Talvez eu consiga sobreviver até o final da noite.

—Você tem classe.

—Eu tento. —quase rio de mim mesma depois de dizer isso. Ele me paga outra tequila e viramos nossas bebidas juntos.

—Meu nome é David.

—Diana. —durante o tempo que levo pronunciando o meu nome, tenho uma pequena epifania: ele não me reconhece. Não sabe quem eu sou. De alguma forma, isso deixa um leque de possibilidades abertos em minha direção. Posso remendar em mim aquelas partes confiantes que restam no meu interior, que eu uso para falar nas festas dos meus pais, que eu uso para fingir que sou confiante e linda. Não preciso estar como da última vez, com Ian. Não quero nem pensar sobre ele ou o que aconteceu ou meus dilemas.

Eu sou Diana. Sem sobrenome. Sem família.

Sem passado. O fantasma do presente, que existe apenas nesse momento.

Eu consigo fazer isso.

—Primeira vez aqui?

—Não. Você? —ele se arrasta para mais perto, na cadeira. Continuo em pé, mesmo que meus saltos estejam fazendo meus pés doerem. A dor lembra que isso não é um sonho.

—Sim. Talvez você possa me mostrar o lugar.

—Não há muito para se ver, para falar a verdade. —e eu não vou levá-lo para um canto, para ele tentar "passar dos limites". David sorri, confiante. Os dentes reluzem.

—Quer dançar? —dou uma boa olhada em seu rosto. Ele é bonito, mas é aquele tipo fácil de beleza. O que as pessoas compram logo de cara. Não dói olhar para ele, claro. Só não preciso de muito tempo para chegar na conclusão de que ele é bonito. Deixa seu rosto um pouco mais desinteressante. Óbvio.

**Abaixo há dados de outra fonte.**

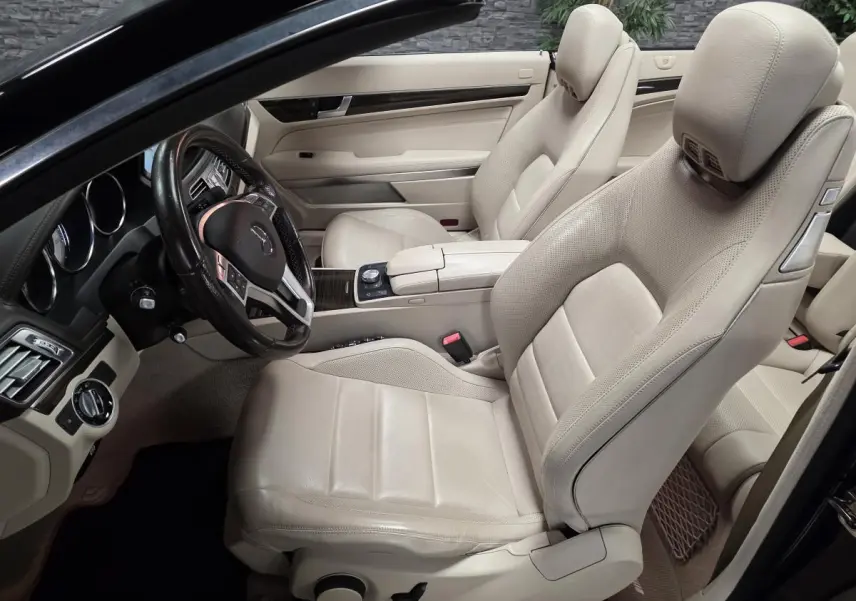 Intérieur beige clair d'une Mercedes Classe E Cabriolet 2014, vue côté conducteur avec sièges en cuir et volant multifonctions.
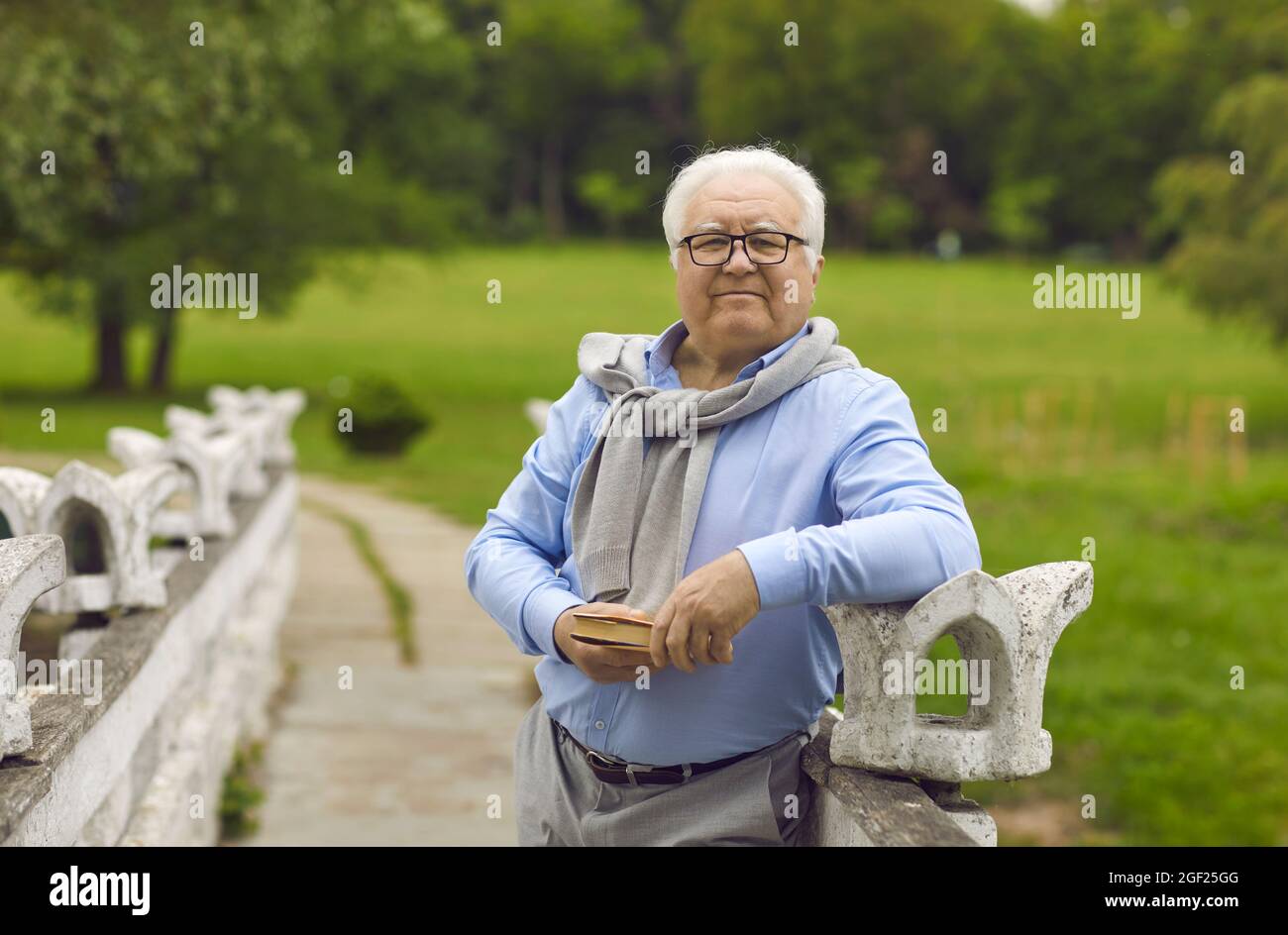 Ein älterer Mann steht mit einem Buch in den Händen im Park. Stockfoto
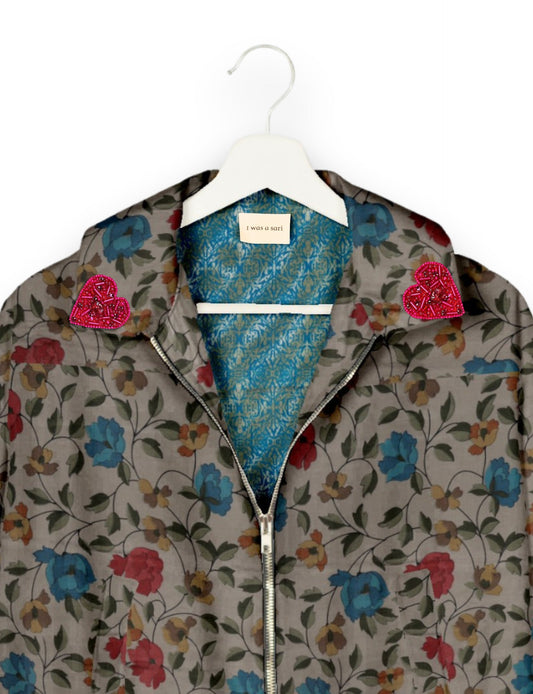 Make a bold statement with our Heart Drop Earrings, a symbol of conscious luxury and ethical fashion. Handcrafted using the intricate Aari embroidery technique, these earrings are made from upcycled sari fabric, embracing slow fashion and zero waste clothing. Elevate your look with sustainable apparel that supports fair trade fashion while reducing textile waste. Choose eco-friendly fashion that speaks of love, artistry, and responsibility.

Mesmo assim, não desisto logo de cara.

Estou decidida a provar para mim mesma que eu posso fazer isso.

E que não vai acontecer com ele o que aconteceu com Ian. Mesmo que ele me veja na escola.

—Não sou muita boa na pista de dança. —isso é verdade. Mas eu falo de um modo que diz que eu não quero dançar, ao invés de não saber. Confiante. Esnobe. Não sinto absolutamente nada a não ser as batidas da música tremendo o meu coração e a dor nos pés. E o olhar de David em mim enquanto eu peço outra tequila, sentindo minha cabeça como uma pena.

—Você é da Holver?

Ele acha que eu sou uma universitária. Não me reconhece mesmo.

—Não.

—Você é daqui? —encolho os ombros, pois não quero responder. —Você é muito bonita, Diana.

—Obrigada.

Não me sinto lisonjeada. É meio normal. Olho para David.

—Você não é tão ruim. —adiciono.

Pip, pip, pip, pip, pip, pip...

O seu próximo passo não é surpresa. Ele se aproxima e me beija, a primeira garota no bar que ele viu, e conseguiu conquistar em menos de dez minutos. Talvez esteja orgulhoso de si mesmo, ou planejando o que fazer em seguida, mas seu corpo está no beijo. Eu consigo sentir o gosto do álcool, e o calor. Minha mente está fugindo, desligando-se para evitar uma catástrofe e eu o beijo com o mesmo fervor, sem tocá-lo em nenhuma outra parte do corpo, garantindo que não dê sinal verde para outras coisas. Como estou em pé, ele aperta minha coxa, subindo, aproximando-me dele, e geme quando nos separamos para recobrar o ar.

Começamos a nos beijar novamente, e eu fecho os olhos. Na escuridão do meu corpo, eu me perco na sensação do beijo. A essa altura, eu já estou convencida de que vou ficar, e não estou sentindo absolutamente nada.

Nada. Percebo que isso é uma grande piada, que não sou obrigada a sentir absolutamente nada, mas é como se eu perdesse alguma coisa e prefiro sentir. Sentir dor.

Hoje não.

Quando nos separamos, ele tenta me comprar uma bebida, mas eu não quero ficar bêbada. Já consigo sentir o torpor da tequila, e não quero passar disso.

Bum, bum, bum, bum, bum...

Quer sair daqui?

—Não. —eu o beijo de novo e de novo e de novo. Eu não gosto do David. Ele não gosta de mim. Mas estamos nos beijando como se gostássemos, e é fácil fingir quando a situação não nos obriga a algum tipo de relação pessoal, ou íntima. É uma caixa vazia, em que guardamos nosso nada dentro. Quente. Álcool. Línguas, e pip, pip, pip, pip, pip, pip, são as únicas coisas que eu sinto, ou que minha mente registra porque quando você se sente vazia, há pouca diferença entre pensar e sentir. Duvido que esteja sentindo qualquer coisa.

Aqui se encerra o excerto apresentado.